A possibilidade de a carga horária de trabalho chegar até 12 horas diárias gerou polêmica na última semana após a declaração do ministro do Trabalho, Ronaldo Nogueira, de que essa alteração estaria entre as propostas que deverão ser enviadas ao Congresso pelo governo até o fim do ano. Após críticas geradas pela notícia, o Ministério do Trabalho publicou uma nota com tom mais brando, em que dizia que a atual carga horária semanal – de 44 horas –, não vai ser aumentada e que o que poderia ficar mais flexível é o modo como essa jornada será cumprida. De qualquer forma, o debate sobre a eficácia da legislação vigente e sobre as possibilidades de mudanças continua em pauta.

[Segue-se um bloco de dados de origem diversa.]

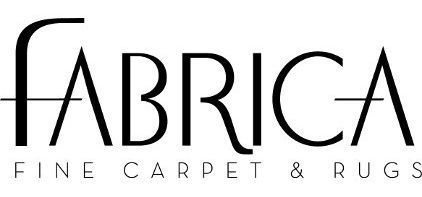 The logo for fabrica fine carpet and rugs is black and white.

Atualmente, a Consolidação das Leis do Trabalho (CLT) prevê que a jornada diária de trabalho deve ser de oito horas, podendo, no máximo, serem cumpridas duas horas extras, até o limite de 44 horas semanais. Uma jornada de 12 horas pode ser cumprida somente em caso de “necessidade imperiosa” e “em face a motivo de força maior, seja para atender à realização ou conclusão de serviços inadiáveis ou cuja inexecução possa acarretar prejuízo manifesto”.

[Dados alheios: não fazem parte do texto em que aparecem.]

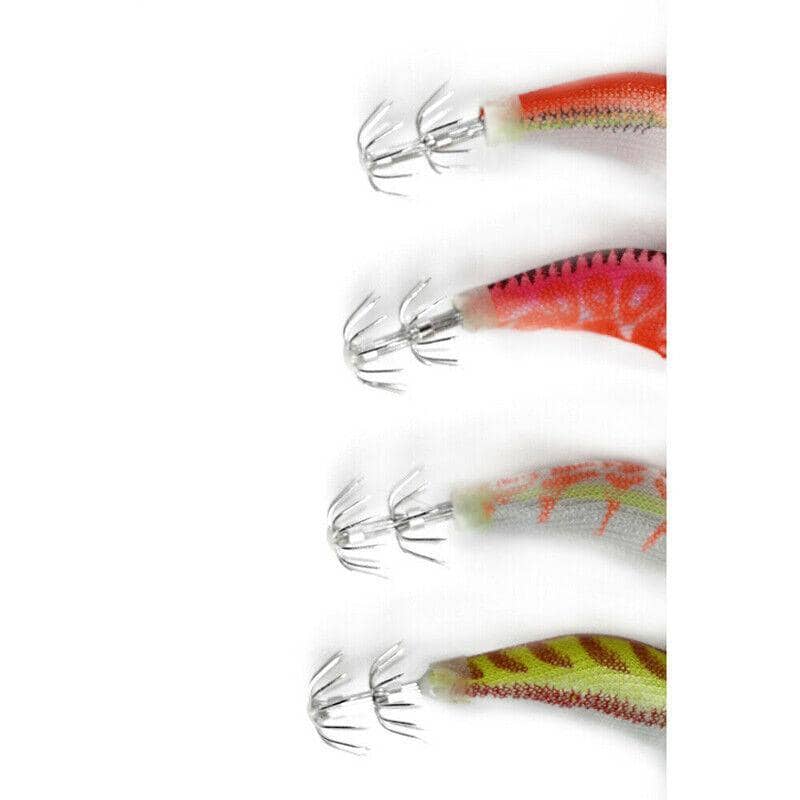 Glow Squid Jig Lures with Stainless Steel Hooks for Calamari - Pack of 4, Assorted Colours - view 3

Não dá para padronizar uma cartilha para segmentos totalmente diferentes um do outro.
Segundo a nota do Ministério, “os contratos de trabalho devem ser adequados à realidade das centenas de categorias profissionais”. A ideia explicada brevemente no texto do MTE seria a de que o total de trabalho da semana continuasse sendo o mesmo, mas que em alguns dias o trabalhador pudesse trabalhar mais horas.

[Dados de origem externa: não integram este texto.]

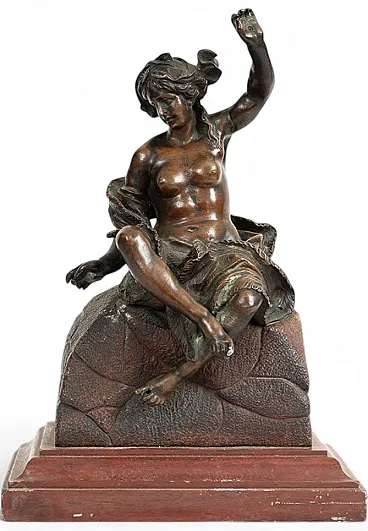 Scultura di donna in bronzo patinato Napoleone III su legno, '800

“O que está em estudo é a possibilidade de permitir aos trabalhadores, através de seus representantes eleitos e em sede de convenção coletiva, ajustarem a forma de cumprimento de sua jornada laboral de 44 horas semanais da maneira que lhes seja mais vantajosa.”
Falta de clareza
Para juristas consultados pelo Justiça & Direito, o primeiro problema é a falta de clareza sobre o assunto, já que a mudança foi citada pelo ministro do Trabalho em um reunião com sindicalistas, mas ainda não há um documento detalhando essa alteração.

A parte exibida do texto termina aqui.